** Opening GIVEN DATA block **

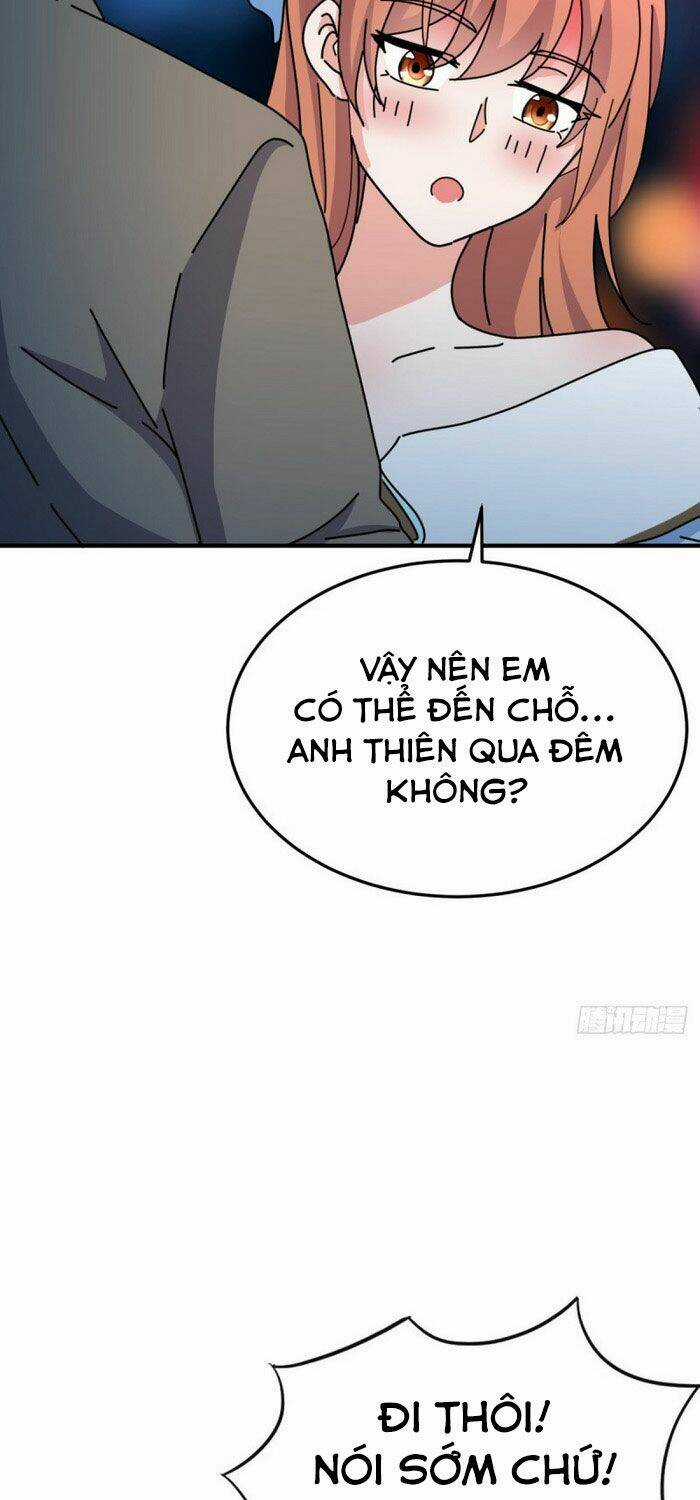 Đại Gia Livestream Vạn Giới Chapter 76 trang 27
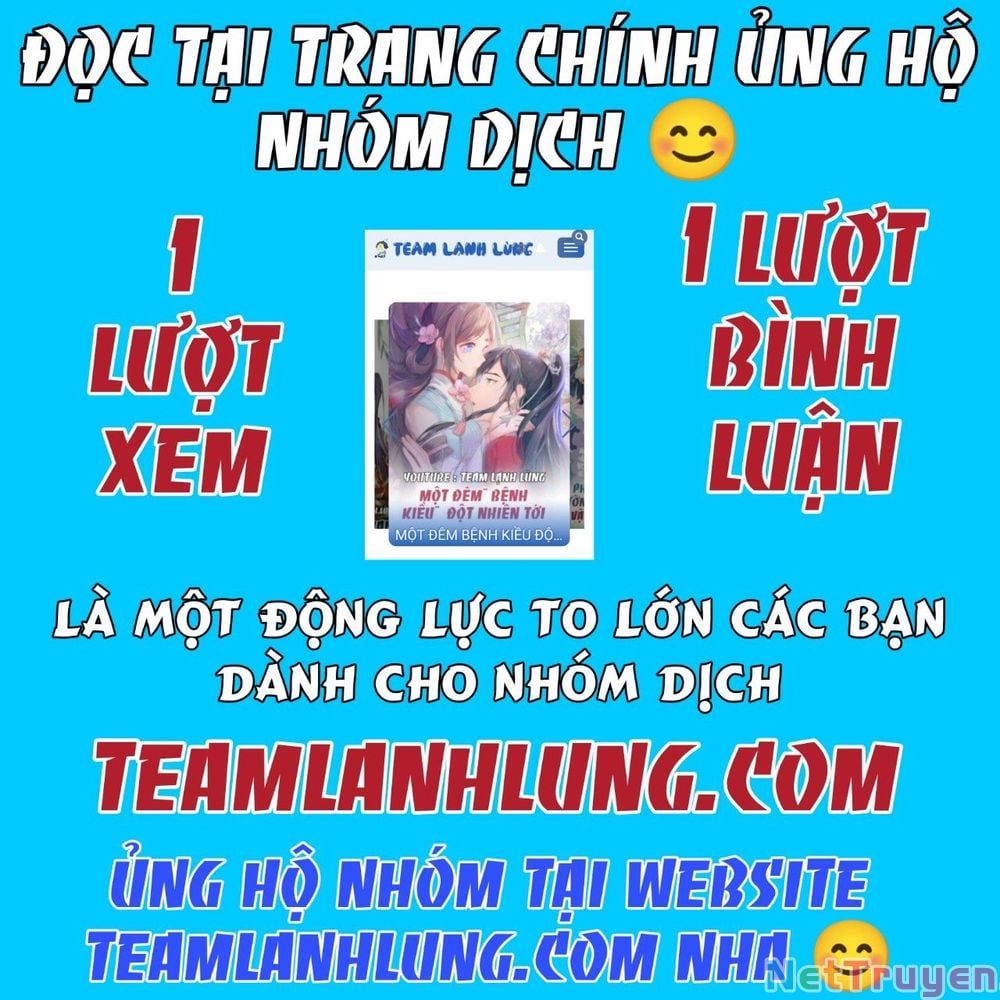 Trở Thành Nữ Phụ Ác Độc Chinh Phục Vương Gia Chapter 39 - 11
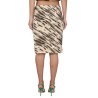KEISHA SKIRT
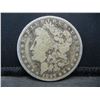 Image 1 : 1897 O Morgan Dollar Better Date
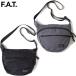 FATefe- чайный пакетик портфель FAKAPAK F32610-BG05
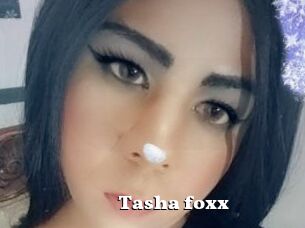 Tasha_foxx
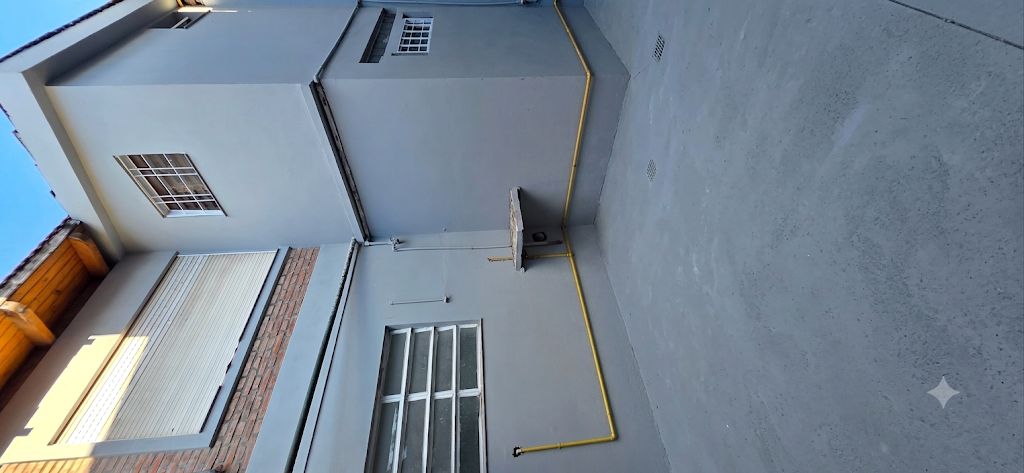 Local en Alquiler en Undiano 88, Centro, Bahía Blanca - Bahía Blanca Propiedades | SITIO OFICIAL l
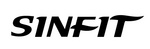 SINFIT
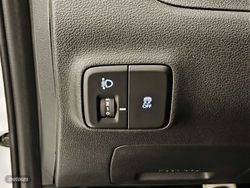Hyundai i10 1.2 MPI N Line - Miniatura 34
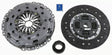 Clutch Kit 3000 951 230 - SACHS
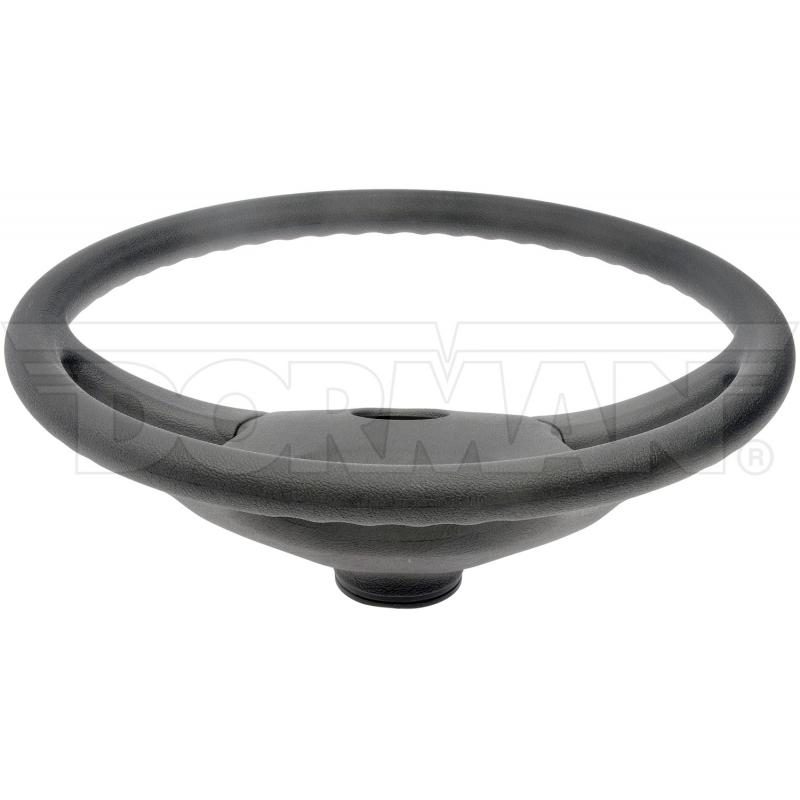 2007 Freightliner M2 106 Steering Wheel Dorman 9245234 image 3 of 4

** Closing GIVEN DATA block **

* THE PROBLEM: If pictures are present, they are dropped, and the entries above are written out word for word.

* TASK RESULT:
 Đại Gia Livestream Vạn Giới Chapter 76 trang 27
 Trở Thành Nữ Phụ Ác Độc Chinh Phục Vương Gia Chapter 39 - 11
KEISHA SKIRT
 Image 1 : 1897 O Morgan Dollar Better Date
 FATefe- чайный пакетик портфель FAKAPAK F32610-BG05
 Tasha_foxx
 Local en Alquiler en Undiano 88, Centro, Bahía Blanca - Bahía Blanca Propiedades | SITIO OFICIAL l
 SINFIT
Hyundai i10 1.2 MPI N Line - Miniatura 34
 Clutch Kit 3000 951 230 - SACHS
 2007 Freightliner M2 106 Steering Wheel Dorman 9245234 image 3 of 4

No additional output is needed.